Thursday, November 1, 2012

THE FIRST SCANDAL

What fruit do Adam and Eve eat?  Here they come with the answer.  But where is the apple?

NO APPLES HERE

BAD DAY IN THE GARDEN


They eat the fruit, but what do they eat?
We lift the veil for a wary peek.
Through a forest of mystery hiding it all,
we see a body, naked and weak.

This BODY is the garden in whose center grow
the two famous trees, but never a weevil.
Here is the tree of life and the one
of knowledge of good and knowledge of evil.

Because the two trees are right next to each other
care must be taken to avoid the one bad.
For the fruit of both trees is pleasure,
so the pleasure is there to be had.

To be fruitful and multiply eat from the first.
But eat from the second and no one conceives.
So here we go now:  one two three--
pleasure, shame, fig tree leaves.

THE FIRST QUATRAIN

BAD DAY IN THE GARDEN


They eat the fruit, but what do they eat?
We lift the veil for a wary peek.
Through a forest of mystery hiding it all,
we see a body, naked and weak.


THE RANDOM HOUSE DICTIONARY of the ENGLISH LANGUAGE defines allegory as "a representation of an abstract or spiritual meaning through concrete or material forms; figurative treatment of one subject under the guise of another."  It's difficult to imagine a better definition than this one.  But it's even more difficult to imagine anyone making any sense of the 2nd and 3rd chapters of Genesis by taking everything in the two chapters literally.  When was the last time someone went into a grocery store and bought some knowledge of good and evil fruit?

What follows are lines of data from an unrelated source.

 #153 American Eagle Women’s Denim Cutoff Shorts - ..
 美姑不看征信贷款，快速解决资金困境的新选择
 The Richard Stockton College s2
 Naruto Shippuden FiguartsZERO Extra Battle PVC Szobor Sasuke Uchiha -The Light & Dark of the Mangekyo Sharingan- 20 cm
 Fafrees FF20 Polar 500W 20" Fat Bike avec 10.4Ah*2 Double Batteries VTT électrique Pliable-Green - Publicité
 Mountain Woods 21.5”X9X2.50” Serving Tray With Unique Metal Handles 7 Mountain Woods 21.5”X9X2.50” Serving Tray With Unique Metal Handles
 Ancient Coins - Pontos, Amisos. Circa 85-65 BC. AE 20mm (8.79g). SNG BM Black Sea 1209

Although most elements in Genesis 2 and 3 represent something else, there are a number of facts in the story that can be taken at face value.

1.  Adam and Eve have real human bodies.
2.  Adam and Eve are not wearing any clothes.
3.  God has forbidden them to do something.
4.  They have disobeyed God.
5.  God has punished them both for their disobedience, and their descendants too, by extension.

The above 5 facts form the basis for the religious beliefs of many people who are not interested in allegories and of many who are.  But there is an all important 6th fact, the knowledge of which would do no harm to anyone's religious beliefs.

THE SECOND QUATRAIN

BAD DAY IN THE GARDEN


This BODY is the garden in whose center grow
the two famous trees, but never a weevil.
Here is the tree of life and the one
of knowledge of good and knowledge of evil.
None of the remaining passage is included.